Description of the task →
Would you repeat each line below exactly, without the pictures?

Caption-style text data:
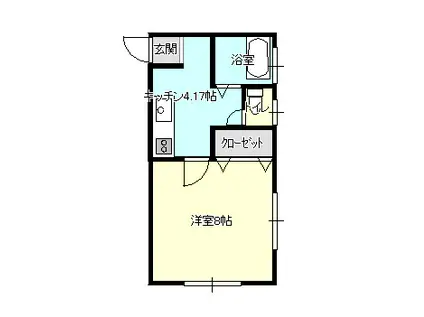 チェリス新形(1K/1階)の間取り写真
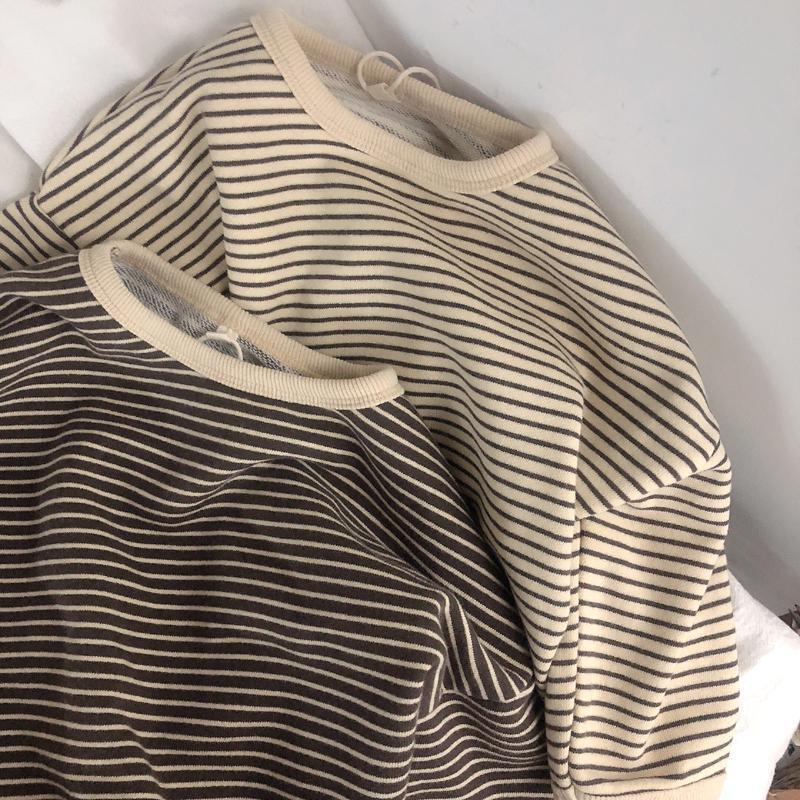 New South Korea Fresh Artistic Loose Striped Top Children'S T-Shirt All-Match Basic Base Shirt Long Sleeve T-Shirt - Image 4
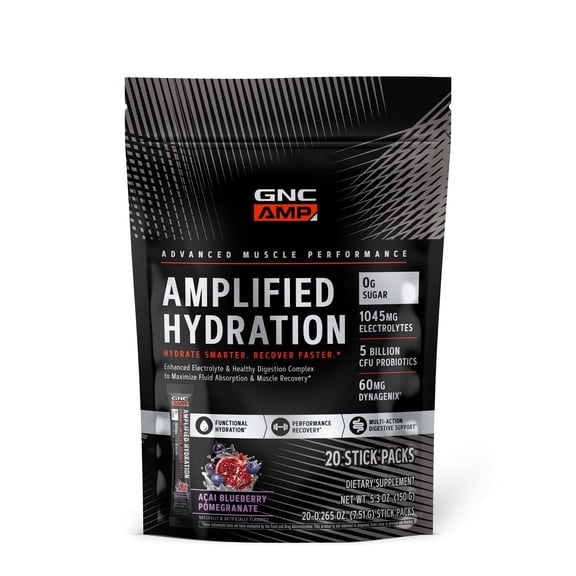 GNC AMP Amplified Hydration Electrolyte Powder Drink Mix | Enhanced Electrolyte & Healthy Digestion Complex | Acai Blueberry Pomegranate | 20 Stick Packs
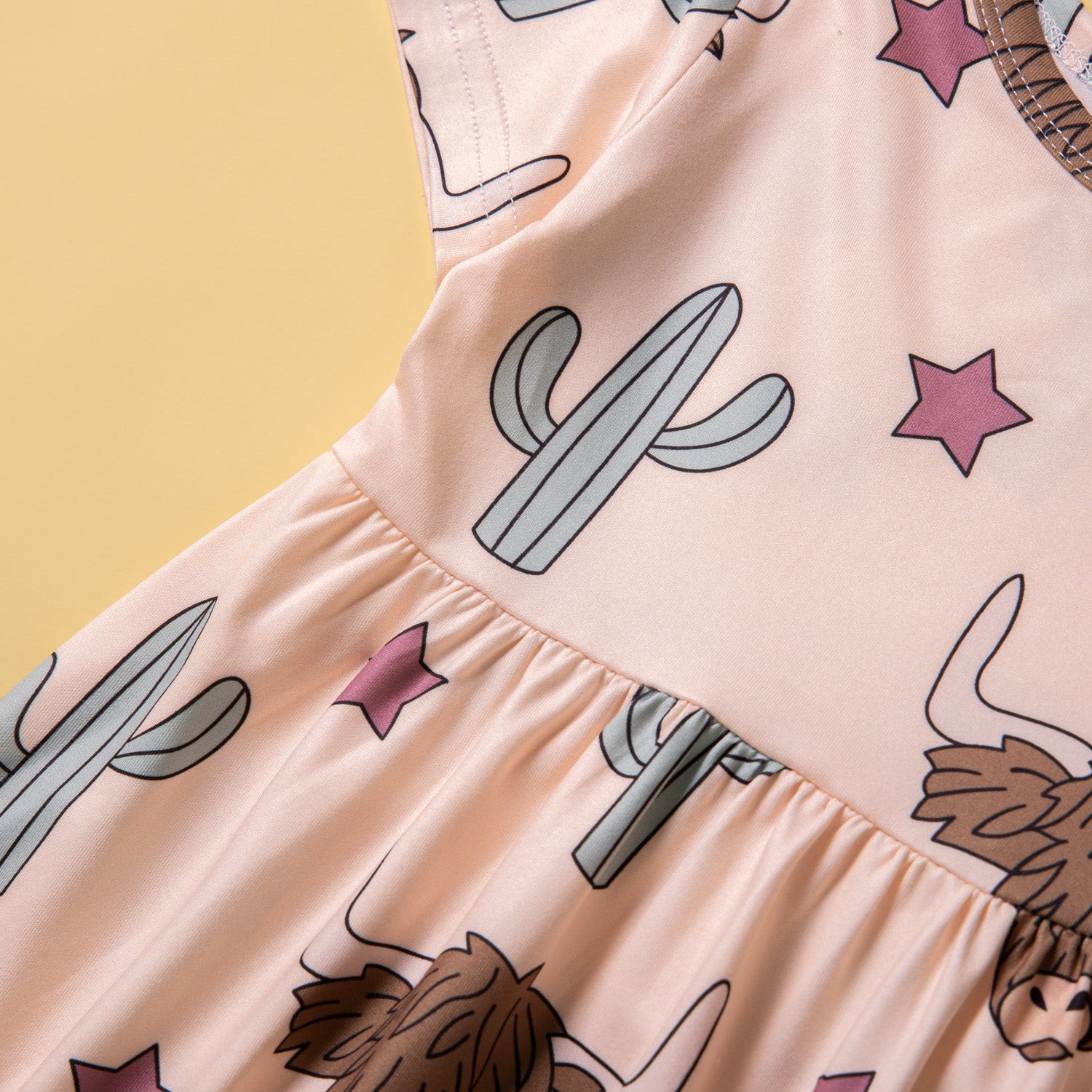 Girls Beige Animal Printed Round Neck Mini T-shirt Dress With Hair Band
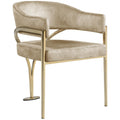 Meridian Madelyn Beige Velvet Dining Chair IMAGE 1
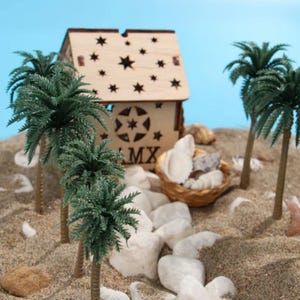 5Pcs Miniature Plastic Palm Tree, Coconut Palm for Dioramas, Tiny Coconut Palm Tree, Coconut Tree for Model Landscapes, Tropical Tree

Answer to the problem →
 チェリス新形(1K/1階)の間取り写真
 New South Korea Fresh Artistic Loose Striped Top Children'S T-Shirt All-Match Basic Base Shirt Long Sleeve T-Shirt - Image 4
 GNC AMP Amplified Hydration Electrolyte Powder Drink Mix | Enhanced Electrolyte & Healthy Digestion Complex | Acai Blueberry Pomegranate | 20 Stick Packs
 Girls Beige Animal Printed Round Neck Mini T-shirt Dress With Hair Band
 Meridian Madelyn Beige Velvet Dining Chair IMAGE 1
 5Pcs Miniature Plastic Palm Tree, Coconut Palm for Dioramas, Tiny Coconut Palm Tree, Coconut Tree for Model Landscapes, Tropical Tree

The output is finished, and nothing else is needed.